Bertolucci non usa il fioretto per parlare del suo fratello acquisito: “In realtà il nostro rapporto ricordava più quello coniugale, e infatti l’esperienza mi è stata utilissima per gestire i matrimoni – scherza Bertolucci -: in campo, ma anche fuori Adriano sapeva essere insopportabile e così, grazie a lui, ho maturato il talento di far entrare da un orecchio e uscire dall’altro tutte le cazzate che mi diceva. Però diamo a Cesare quel che è di Cesare: bello come il sole, talento incredibile, simpatico e intelligente, Panatta non ha mai avuto atteggiamenti da divo e così, anche lontani dal jet set, ci siamo divertiti come matti”. C’è un episodio però che ancora fa sorridere Bertolucci e che Panatta non gli ha perdonato: “Durante un match di Davis in Spagna Adriano decise di scatenare una rissa gettandosi in mezzo al pubblico inferocito. Io rimasi in tribuna a difendere le signore: che altro avrei dovuto fare? Lui rientrò negli spogliatoi non esattamente un fiorellino. Ancora oggi me lo rinfaccia”.

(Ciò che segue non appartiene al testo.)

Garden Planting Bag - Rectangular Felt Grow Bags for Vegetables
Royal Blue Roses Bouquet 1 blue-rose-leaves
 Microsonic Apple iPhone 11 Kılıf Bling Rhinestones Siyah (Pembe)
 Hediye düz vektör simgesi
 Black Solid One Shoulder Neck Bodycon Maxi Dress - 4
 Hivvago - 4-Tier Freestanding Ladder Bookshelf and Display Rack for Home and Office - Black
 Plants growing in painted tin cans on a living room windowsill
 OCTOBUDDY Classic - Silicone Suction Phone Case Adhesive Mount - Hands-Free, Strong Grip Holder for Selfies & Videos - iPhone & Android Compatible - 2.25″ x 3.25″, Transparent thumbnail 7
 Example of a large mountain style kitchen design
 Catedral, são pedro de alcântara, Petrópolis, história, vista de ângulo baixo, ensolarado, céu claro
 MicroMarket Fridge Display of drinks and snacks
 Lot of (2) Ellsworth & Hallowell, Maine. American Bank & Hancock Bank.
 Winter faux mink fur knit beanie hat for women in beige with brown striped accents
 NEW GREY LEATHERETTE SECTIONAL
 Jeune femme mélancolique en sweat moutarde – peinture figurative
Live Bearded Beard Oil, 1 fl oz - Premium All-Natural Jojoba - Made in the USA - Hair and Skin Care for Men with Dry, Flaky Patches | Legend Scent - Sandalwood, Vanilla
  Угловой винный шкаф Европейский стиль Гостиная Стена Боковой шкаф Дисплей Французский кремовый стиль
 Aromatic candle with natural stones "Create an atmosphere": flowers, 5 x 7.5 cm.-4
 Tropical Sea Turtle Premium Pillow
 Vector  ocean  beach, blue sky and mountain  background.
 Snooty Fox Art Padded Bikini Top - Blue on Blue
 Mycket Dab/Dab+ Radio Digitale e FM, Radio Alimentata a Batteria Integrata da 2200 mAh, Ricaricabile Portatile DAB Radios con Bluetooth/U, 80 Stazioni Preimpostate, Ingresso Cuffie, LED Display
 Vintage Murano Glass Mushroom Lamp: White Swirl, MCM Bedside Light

Insomma una storia che poco e niente ha a che fare con quei racconti di sport fatti solo di sangue e sudore, sacrifici e zero sorrisi: “Effettivamente eravamo uniti dalla stessa filosofia di vita: nessuno di noi voleva privarsi di una qualunque esperienza che potesse darci gioia – ammette Bertolucci -. Magari avremo perso qualche torneo, ma non abbiamo rimpianti”. Sicuramente non ce ne sono per quanto riguarda le conquiste femminili: “Al 90% ero io ad andare a rimorchio. Ma va bene così anche le numero due del ranking non erano male!”, ride, ricordando le clamorose, innumerevoli conquiste del bell’Adriano.

Per chi si diverte 365 giorni all’anno, i compleanni rientrano nella norma: “C’è un anno di differenza tra noi due (Paolo è nato il 3 agosto del 1951, ndr), ma non abbiamo mai fatto nulla di particolare – ammette Bertolucci – del resto avevamo impegni da mantenere in giro per il mondo e comunque ci siamo divertiti molto”. Lo si deduce anche guardando “La squadra”, la docu-serie realizzata da Domenico Procacci, distribuita al cinema e su piattaforme televisive, che lo scorso anno ha riscosso un successo clamoroso e ha fatto scoppiare la “Davis mania” anche tra chi in quegli anni non era ancora nato, tanto che in molti li vorrebbero di nuovo insieme per spiegare agli ex campioni alle prese con la crisi dell’addio all’attività come farlo al meglio: “Tutti devono capire che è bene ascoltare se stessi – spiega Bertolucci -. Con Adriano lo abbiamo fatto”.

Per il compleanno del “fratello” Bertolucci non ha dubbi: “Gli cucinerei pasta e fagioli, il mio piatto forte. Utilizzerei ovviamente i maltagliati perché sono indicatissimi per questa ricetta. Mi ricordo che mi veniva concesso di mangiarne un piatto dopo le vittorie più importanti. Era il mio premio partita!”. Adesso non c’è che aspettare domani per la festa di Adriano e restare su Twitter per vedere come i due si prenderanno in giro ancora una volta: dritto di Bertolucci e risposta di Adriano, e viceversa. Uno spasso. E a chi gli fa notare che, vivendo diversamente, sarebbe potuto essere qualcosa di più del numero quattro al mondo Panatta risponde: “Sarei stato più felice? Non credo”. Gioco, partita, incontro.